After several decades of research, we are confident that fusion energy is scientifically feasible. Plasma conditions that are very close to those required in a fusion reactor are now routinely reached in experiments. ITER will be the next major step forward. Its primary role will be to demonstrate a fusion power gain – i.e. the ratio of the fusion power produced to the power used to heat the plasma – of 10 for very long periods of time. ITER will also bring together all the necessary physics and technology required to build a fusion reactor. While it is under construction, however, many other issues will continue to be addressed in smaller-scale experiments that can operate with very long pulses.

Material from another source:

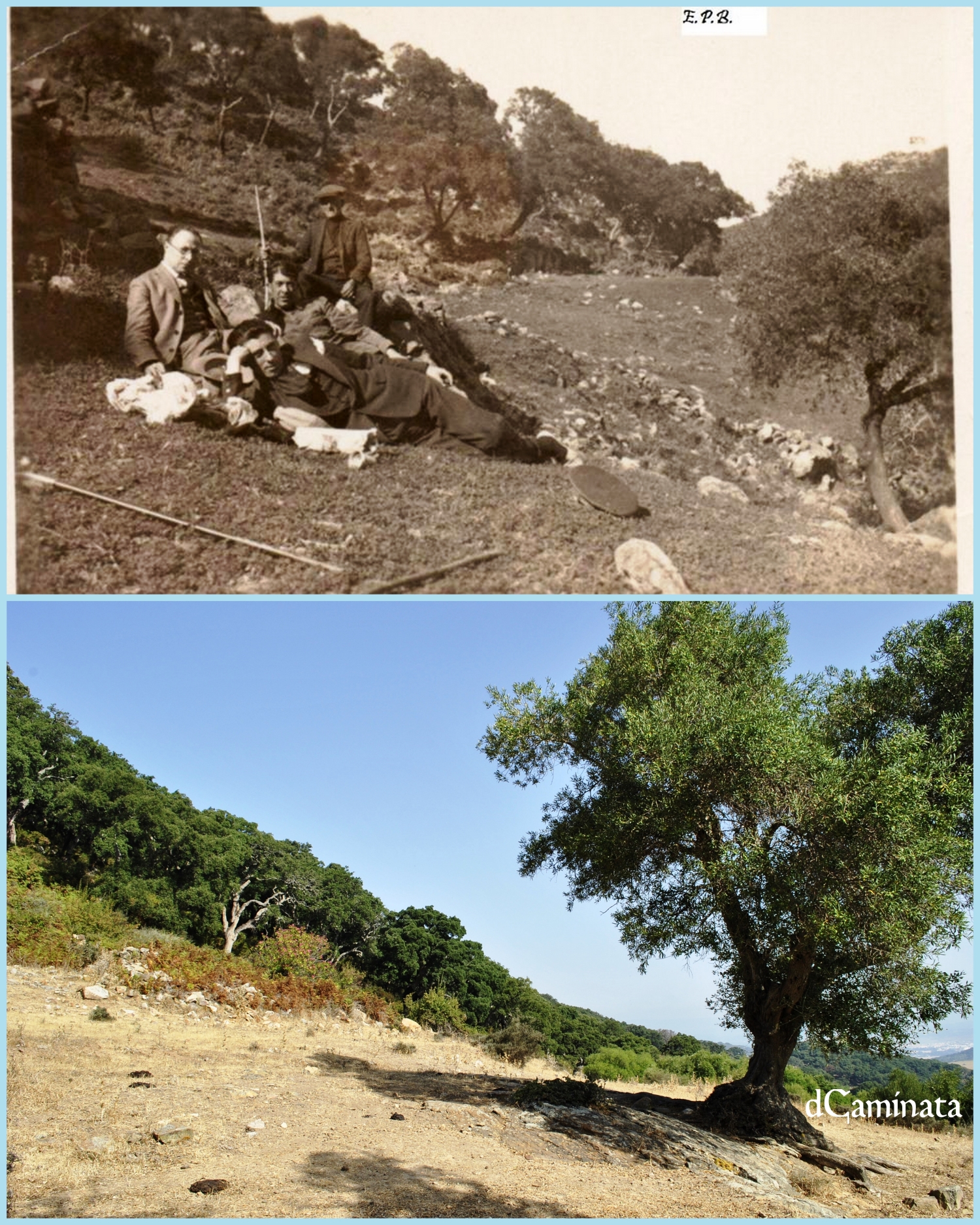 13.1 Comparativa Explanadilla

Developing fusion as a viable, clean and unlimited energy source has taken a long time – much longer than early researchers envisaged – but the next few decades will see the realization of their dream.

Box: How a tokamak works

The main challenge in fusion is to create a self-sustaining reaction in which deuterium and tritium nuclei undergo fusion and release useful energy. One way to achieve this is to use magnetic fields to confine a hot plasma in a torus-shaped vessel called a tokamak. The strongest field (typically about 5 T) points in the direction that goes “the long way” round the torus and is called the toroidal magnetic field (red lines). This field is generated by external coils. The second component of the magnetic field points “the short way” round the torus and is called the poloidal field (green). This is typically less than 1 T and is generated by an electric current flowing through the plasma in the toroidal direction. The combination of these two fields creates a helix that twists round the torus (blue). Additional, weaker magnetic fields are used to control the shape and position of the plasma.


The plasma current, which is typically several mega-amps, is usually driven by a toroidal electric field induced by a transformer. Most of the available flux from this arrangement is used in configuring the magnetic fields, and in driving the plasma current in the early stages when the plasma is cold and resistive. Thereafter, relatively little flux is consumed in maintaining a steady current in a highly conducting hot plasma. This allows tokamaks to be driven inductively for long pulses – up to 1000 s for a fusion reactor. However, the current could be maintained indefinitely using non-inductive plasma currents. The current also heats the plasma by resistive (or ohmic) heating, but the maximum temperature that can be reached is too low to enable fusion to take place. A fusion reactor will be self-sustained by internal heating from alpha particles that are produced in the deuterium-tritium reaction. However, it will require some external heating and current-drive systems for start-up and plasma control. Various heating and current-drive methods, such as radio-frequency heating and neutral-beam injection, have allowed experimental tokamaks to achieve temperatures well above the fusion requirement.